Pope Francis on Sunday deplored the gas attack reported in Syria as an unjustifiable use of “instruments of extermination”.
At the end of a Mass in St. Peter’s Square earlier today, he said:
There is no such thing as a good war and a bad war. Nothing, but nothing, can justify the use of such instruments of extermination on defenceless people and populations
He urged that “military and political leaders choose another path, that of negotiations, which is the only one that can bring about peace and not death and destruction”.
According to the White Helmets, Syrian regime forces struck targets in the Damascus suburb’s Douma district in a midnight attack using poison gas that left at least 40 civilians dead while injuring more than 500 people.
Syrian rebel group Jaish al-Islam, in control of Douma, accused government forces of dropping the barrel bomb containing poisonous chemicals, while Syrian state media denied launching chemical attacks as soon as the reports began circulating.
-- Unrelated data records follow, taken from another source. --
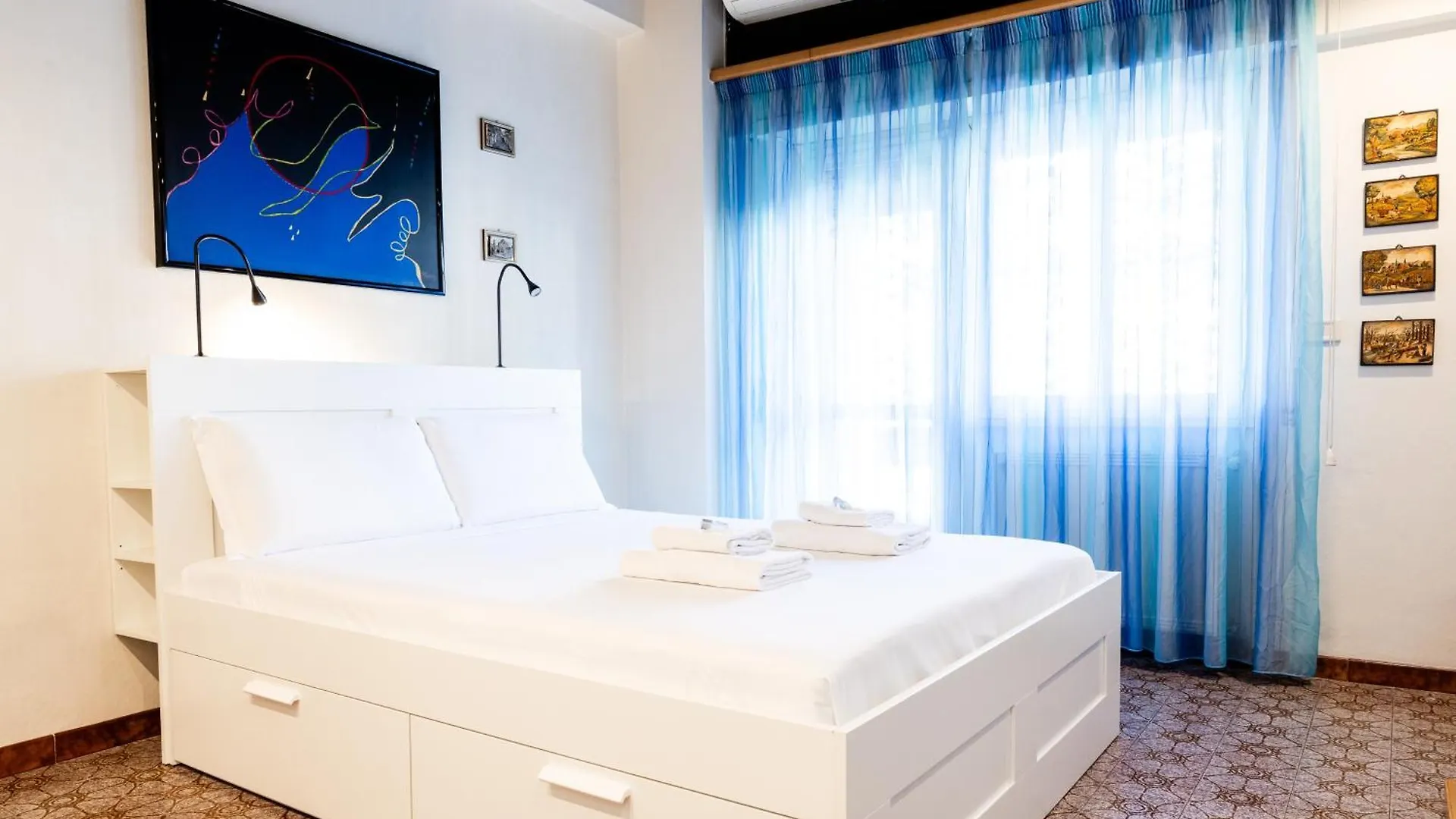 Apartament La Terrazza Di Maria Pia Rzym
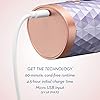 Unbound Cordless Auto Curler From Conair - The First High Performance Cordless, Rechargeable Auto Curler for Curls or Waves Anytime, Anywhere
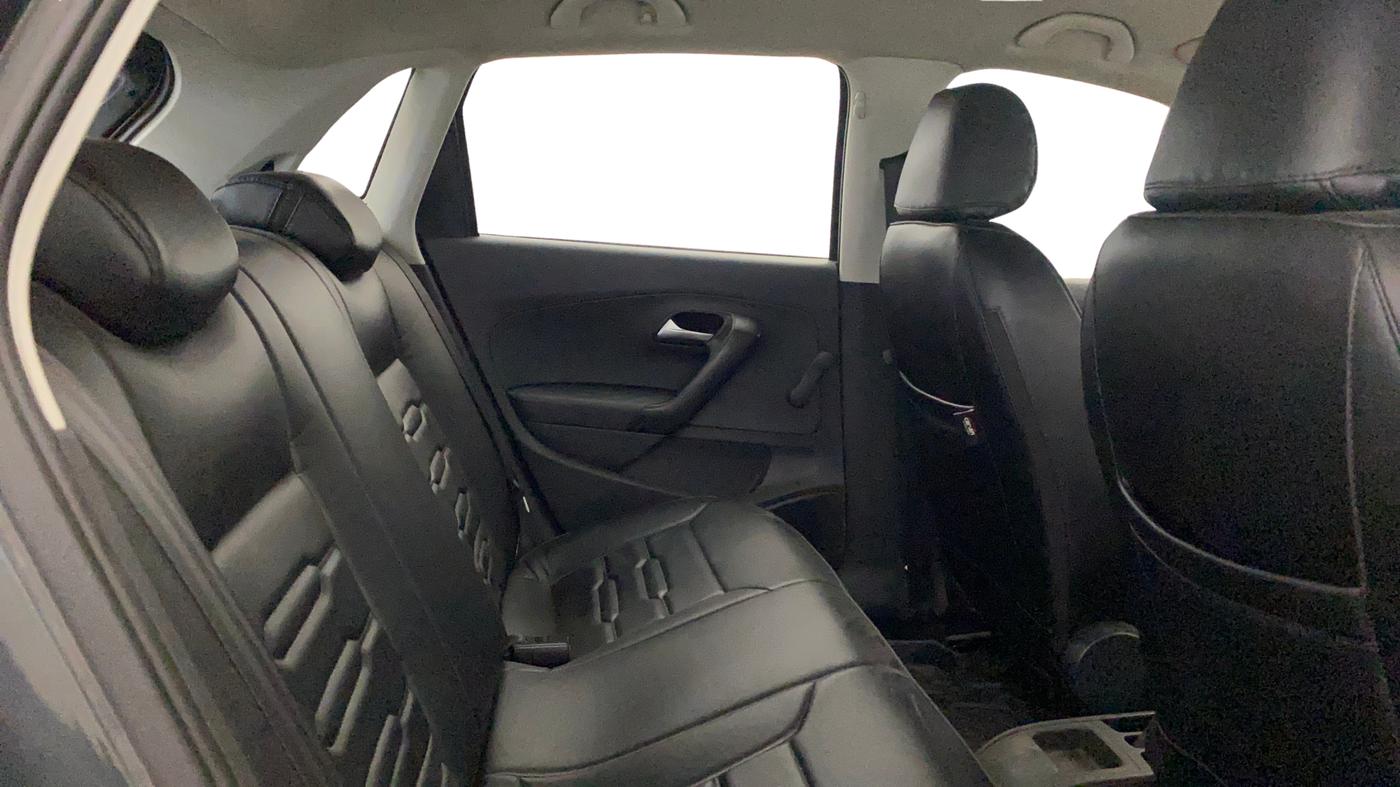 2018 Volkswagen Polo TRENDLINE 1.2L PETROL, Petrol, Manual, 70,837 km, Right Side Rear Door Cabin
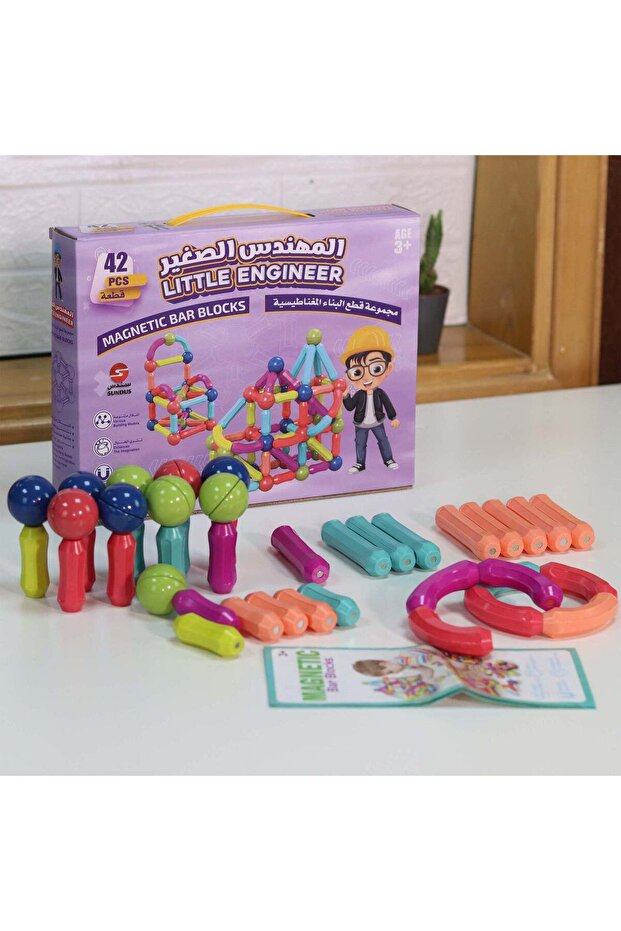 LITTLE ENGINEER-42 PCS - 6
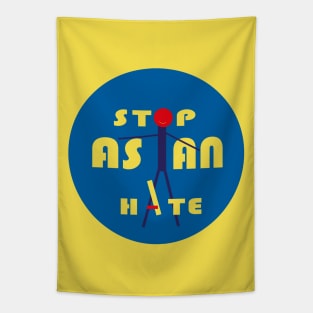 stop asian hate Tapestry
The US State Department said reports of mass casualties from the attack were “horrifying” and would, if confirmed, “demand an immediate response by the international community”.
Britain’s Foreign Office also called the reports, if confirmed, “very concerning” and said “an urgent investigation is needed and the international community must respond. We call on the Assad regime and its backers, Russia and Iran, to stop the violence against innocent civilians.”
Russia, however, dismissed the reports. “We decidedly refute this information,” Major-General Yuri Yevtushenko, head of the Russian peace and reconciliation centre in Syria, was cited as saying by Interfax news service.
Syrian President Bashar al-Assad has won back control of nearly all of eastern Ghouta in a Russian-backed military campaign that began in February, leaving just Douma in rebel hands.